To know best
The number of Swedish historical magazines directed at the general public is quite remarkable. While most of them tend to focus heavily on World War II they occasionaly contain articles on the GNW. Populär historia, which started in 1991, probably does this more than the others. The latest example came in issue 2013:12, where Åsa Karlsson, Gunnar Åselius and Marie Lennersand got about 15 pages for articles about Charles XII and the GNW. Åselius article promptly provoked a reply from Sverker Oredsson, who belongs to the so called "Old school" in the tradition of Anders Fryxell, F. F. Carlson and Ernst Carlson.
Oredsson's objections (published in issue 2014:1) are primarily the following:
1. Charles XII could have made peace after his victories against the Russians and the Saxons (presumably in late summer 1701), which was what the leading powers in Europe and his own advisors wanted.
2. By waging war against Poland Charles weakened the country and laid the foundation for future partitions of Poland.
3. Charles should not have attempted a march towards Moscow. It would have been better to focus on recapturing "those Baltic provinces which had been lost during his time in Poland".

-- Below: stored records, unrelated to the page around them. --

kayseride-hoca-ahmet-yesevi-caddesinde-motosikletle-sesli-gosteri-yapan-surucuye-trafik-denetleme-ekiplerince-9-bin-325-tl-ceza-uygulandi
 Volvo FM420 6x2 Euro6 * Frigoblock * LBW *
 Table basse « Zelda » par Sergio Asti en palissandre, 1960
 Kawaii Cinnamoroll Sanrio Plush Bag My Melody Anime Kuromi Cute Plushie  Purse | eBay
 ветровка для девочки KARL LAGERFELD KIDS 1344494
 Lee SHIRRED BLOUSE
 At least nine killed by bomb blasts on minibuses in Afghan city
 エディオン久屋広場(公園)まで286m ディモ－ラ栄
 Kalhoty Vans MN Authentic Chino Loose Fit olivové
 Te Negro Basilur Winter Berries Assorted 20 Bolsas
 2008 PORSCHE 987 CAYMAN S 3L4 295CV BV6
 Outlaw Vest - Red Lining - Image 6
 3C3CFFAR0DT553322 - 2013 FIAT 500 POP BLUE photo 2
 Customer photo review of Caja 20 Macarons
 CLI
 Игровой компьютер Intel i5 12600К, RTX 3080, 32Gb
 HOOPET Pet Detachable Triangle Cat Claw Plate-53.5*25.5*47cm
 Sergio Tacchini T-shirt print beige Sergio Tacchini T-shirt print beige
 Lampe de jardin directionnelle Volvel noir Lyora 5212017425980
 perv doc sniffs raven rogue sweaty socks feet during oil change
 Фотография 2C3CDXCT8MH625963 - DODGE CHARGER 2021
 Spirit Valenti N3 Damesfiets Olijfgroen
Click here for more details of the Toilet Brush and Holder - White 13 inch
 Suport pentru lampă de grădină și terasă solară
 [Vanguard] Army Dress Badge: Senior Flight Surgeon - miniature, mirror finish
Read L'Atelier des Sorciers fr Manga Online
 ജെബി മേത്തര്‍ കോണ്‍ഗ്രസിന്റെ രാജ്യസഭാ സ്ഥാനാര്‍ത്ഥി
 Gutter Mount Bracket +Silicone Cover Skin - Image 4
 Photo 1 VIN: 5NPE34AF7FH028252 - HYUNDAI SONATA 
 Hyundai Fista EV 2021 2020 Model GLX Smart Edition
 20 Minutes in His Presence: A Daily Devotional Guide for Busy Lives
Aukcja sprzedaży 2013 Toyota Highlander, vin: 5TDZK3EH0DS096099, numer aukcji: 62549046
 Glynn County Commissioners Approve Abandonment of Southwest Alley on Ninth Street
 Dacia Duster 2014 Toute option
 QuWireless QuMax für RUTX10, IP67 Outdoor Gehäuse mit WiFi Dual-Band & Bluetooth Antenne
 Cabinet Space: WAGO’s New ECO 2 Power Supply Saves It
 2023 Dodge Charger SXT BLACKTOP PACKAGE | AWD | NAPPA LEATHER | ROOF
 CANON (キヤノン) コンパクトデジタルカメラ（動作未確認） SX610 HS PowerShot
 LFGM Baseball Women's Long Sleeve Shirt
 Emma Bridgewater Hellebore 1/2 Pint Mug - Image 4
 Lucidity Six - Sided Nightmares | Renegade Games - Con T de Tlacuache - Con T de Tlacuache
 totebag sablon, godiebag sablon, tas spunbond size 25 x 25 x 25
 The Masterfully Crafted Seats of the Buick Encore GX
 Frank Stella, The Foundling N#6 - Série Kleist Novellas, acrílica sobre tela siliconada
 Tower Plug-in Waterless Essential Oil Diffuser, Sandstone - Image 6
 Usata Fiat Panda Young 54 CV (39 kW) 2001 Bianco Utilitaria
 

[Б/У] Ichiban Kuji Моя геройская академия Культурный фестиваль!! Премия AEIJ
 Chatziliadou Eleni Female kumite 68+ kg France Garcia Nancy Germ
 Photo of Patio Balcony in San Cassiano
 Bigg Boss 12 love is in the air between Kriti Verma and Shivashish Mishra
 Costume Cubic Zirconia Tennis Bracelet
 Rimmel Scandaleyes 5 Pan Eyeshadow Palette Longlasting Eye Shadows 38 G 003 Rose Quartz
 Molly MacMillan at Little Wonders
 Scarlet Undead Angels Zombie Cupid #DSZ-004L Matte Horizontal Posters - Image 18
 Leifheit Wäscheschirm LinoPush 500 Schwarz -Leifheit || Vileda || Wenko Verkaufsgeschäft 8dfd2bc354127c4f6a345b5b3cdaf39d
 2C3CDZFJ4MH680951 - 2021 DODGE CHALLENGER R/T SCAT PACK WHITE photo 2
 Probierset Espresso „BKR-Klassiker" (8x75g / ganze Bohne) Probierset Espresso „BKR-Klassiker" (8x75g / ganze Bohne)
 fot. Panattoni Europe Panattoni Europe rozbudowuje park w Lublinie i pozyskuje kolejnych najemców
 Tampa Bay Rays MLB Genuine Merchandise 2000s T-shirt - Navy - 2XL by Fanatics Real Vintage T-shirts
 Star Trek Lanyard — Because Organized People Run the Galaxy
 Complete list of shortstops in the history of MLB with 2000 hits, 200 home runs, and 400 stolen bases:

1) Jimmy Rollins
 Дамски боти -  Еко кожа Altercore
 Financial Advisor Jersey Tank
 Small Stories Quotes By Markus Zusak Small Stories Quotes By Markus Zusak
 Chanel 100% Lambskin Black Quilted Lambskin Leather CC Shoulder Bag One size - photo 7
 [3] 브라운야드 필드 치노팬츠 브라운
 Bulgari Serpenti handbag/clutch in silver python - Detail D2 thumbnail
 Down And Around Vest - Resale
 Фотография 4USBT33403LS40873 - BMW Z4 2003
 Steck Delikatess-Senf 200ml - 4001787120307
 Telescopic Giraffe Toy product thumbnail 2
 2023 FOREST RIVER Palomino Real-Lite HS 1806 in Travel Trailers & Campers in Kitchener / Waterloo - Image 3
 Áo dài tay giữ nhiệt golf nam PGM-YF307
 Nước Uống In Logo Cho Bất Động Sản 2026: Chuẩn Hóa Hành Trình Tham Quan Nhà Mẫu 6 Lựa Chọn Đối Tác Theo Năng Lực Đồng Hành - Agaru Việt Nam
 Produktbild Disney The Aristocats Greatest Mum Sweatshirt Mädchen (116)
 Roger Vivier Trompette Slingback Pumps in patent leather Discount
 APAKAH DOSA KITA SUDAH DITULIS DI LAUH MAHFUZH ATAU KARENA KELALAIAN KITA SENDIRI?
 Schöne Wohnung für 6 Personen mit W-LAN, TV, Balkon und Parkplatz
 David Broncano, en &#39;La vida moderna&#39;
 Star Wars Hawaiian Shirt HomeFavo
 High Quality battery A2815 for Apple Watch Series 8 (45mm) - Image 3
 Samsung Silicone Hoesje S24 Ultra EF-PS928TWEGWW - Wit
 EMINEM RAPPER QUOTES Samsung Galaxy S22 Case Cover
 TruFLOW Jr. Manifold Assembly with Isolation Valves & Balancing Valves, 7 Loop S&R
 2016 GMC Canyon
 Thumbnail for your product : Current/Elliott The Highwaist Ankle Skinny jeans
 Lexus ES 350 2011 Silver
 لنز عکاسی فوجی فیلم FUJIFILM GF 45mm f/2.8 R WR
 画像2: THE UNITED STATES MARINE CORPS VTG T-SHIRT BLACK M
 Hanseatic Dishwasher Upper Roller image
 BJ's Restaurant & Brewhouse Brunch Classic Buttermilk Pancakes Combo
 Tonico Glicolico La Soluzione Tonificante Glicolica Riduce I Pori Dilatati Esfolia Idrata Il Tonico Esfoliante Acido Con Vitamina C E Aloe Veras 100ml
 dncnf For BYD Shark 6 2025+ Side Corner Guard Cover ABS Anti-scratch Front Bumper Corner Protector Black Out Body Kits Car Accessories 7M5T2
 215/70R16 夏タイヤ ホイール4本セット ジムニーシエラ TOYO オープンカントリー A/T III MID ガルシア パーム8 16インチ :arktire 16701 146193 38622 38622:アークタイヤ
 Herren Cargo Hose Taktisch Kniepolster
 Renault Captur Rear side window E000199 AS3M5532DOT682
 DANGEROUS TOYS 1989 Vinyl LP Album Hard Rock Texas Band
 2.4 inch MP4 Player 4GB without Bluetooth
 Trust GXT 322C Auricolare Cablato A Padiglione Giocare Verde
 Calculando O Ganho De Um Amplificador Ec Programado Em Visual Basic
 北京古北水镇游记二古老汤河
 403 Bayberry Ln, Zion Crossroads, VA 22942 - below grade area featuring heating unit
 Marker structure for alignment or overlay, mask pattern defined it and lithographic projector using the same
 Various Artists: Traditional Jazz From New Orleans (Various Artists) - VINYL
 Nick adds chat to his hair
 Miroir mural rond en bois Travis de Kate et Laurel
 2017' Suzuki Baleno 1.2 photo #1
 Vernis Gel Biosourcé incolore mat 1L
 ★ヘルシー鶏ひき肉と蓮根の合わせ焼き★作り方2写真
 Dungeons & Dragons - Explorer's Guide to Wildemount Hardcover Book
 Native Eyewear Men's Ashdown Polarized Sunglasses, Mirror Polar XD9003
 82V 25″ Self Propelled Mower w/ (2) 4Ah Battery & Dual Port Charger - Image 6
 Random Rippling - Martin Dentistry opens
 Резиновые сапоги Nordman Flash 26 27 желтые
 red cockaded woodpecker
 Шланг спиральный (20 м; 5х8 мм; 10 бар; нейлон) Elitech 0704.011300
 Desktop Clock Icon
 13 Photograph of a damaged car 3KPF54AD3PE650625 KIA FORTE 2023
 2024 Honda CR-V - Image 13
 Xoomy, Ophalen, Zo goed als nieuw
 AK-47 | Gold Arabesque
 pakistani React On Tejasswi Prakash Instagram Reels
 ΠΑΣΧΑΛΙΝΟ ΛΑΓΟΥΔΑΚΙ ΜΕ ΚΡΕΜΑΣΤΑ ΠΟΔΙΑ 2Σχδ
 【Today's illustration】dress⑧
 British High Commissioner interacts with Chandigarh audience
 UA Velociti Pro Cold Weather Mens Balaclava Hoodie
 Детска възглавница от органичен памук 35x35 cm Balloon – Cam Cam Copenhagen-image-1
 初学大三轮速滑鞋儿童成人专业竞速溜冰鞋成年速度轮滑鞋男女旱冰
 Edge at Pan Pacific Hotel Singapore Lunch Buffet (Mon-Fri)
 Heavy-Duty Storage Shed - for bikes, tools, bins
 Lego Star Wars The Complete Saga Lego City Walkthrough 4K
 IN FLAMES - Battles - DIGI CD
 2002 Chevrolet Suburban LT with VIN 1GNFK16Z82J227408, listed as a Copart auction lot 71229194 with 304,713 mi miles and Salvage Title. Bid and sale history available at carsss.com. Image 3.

4. This resulted in the Czar eventually acquiring more land than he had wanted as the original intention was just to reach the Baltic sea.
5. Charles attacks on Norway in 1716 and 1718 were "unnecessary and unprovoked".
Let's start with no 1. Well, assuming that it would indeed have been possible - on what terms? Both the Saxons and the Russians had launched surprise attacks, which eventually were beaten back in quite spectacular fashion. Should Charles have offered the Czar Narva and Augustus Riga or was it (in view of the victories at Narva and the Daugava) more reasonable to demand land or some sort of reparations?
Number 2: Well, even if that was true Charles can hardly be blamed for putting what he believed was the in the Swedish interest first. In fact, the whole point with his policy towards Poland was to create an "eternal" Swedish-Polish alliance against Russia. There was no disagreement among his advisors on that point, but many of them seemingly believed that it could be achieved without dethroning Augustus.
3. The only Baltic province which had been lost was Ingria and Lybecker's campaign in 1708 showed how difficult it was to supply an army there. The King's main army was 3-4 times as large as Lybecker's, so such an undertaking would most likely have been totally impossible. To bring 35-40,000 men into Livonia would have resulted in similar difficulties. Indeed, a march into Lithuania made every possible sense both politically and strategically and may indeed have been the only feasible alternative.
4. Yes, Ingria was all the Czar originally wanted, but Augustus was to have Livonia.
5. A most peculiar criticism as the Danes (and Norwegians) had entered the war in 1709. As the Norwegians had launched an invasion of Bohuslän in 1711, surely Charles XII's invasions in 1716 and 1718 were not "unprovoked"? Whether they were "necessary" is an other matter, considering the situation it could hardly be worthless to capture some part of Norway for use as a bargaining chip.